**WORK INSTRUCTION**
From the data below, return the exact lines starting at the line containing "Amores-perros" and ending at the line containing "A garden with", both included, and nothing else.

**EXTRACTED DATA**
=====

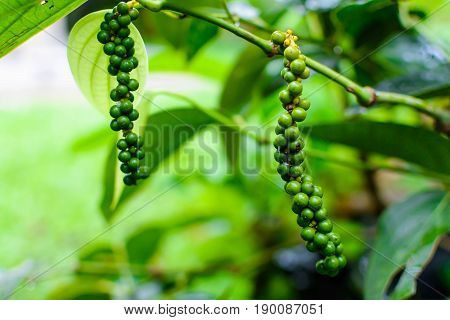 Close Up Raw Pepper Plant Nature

=====

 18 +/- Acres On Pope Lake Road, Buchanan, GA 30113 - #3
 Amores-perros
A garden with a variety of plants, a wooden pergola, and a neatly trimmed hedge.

=====

**ANSWER SECTION**
 Amores-perros
A garden with a variety of plants, a wooden pergola, and a neatly trimmed hedge.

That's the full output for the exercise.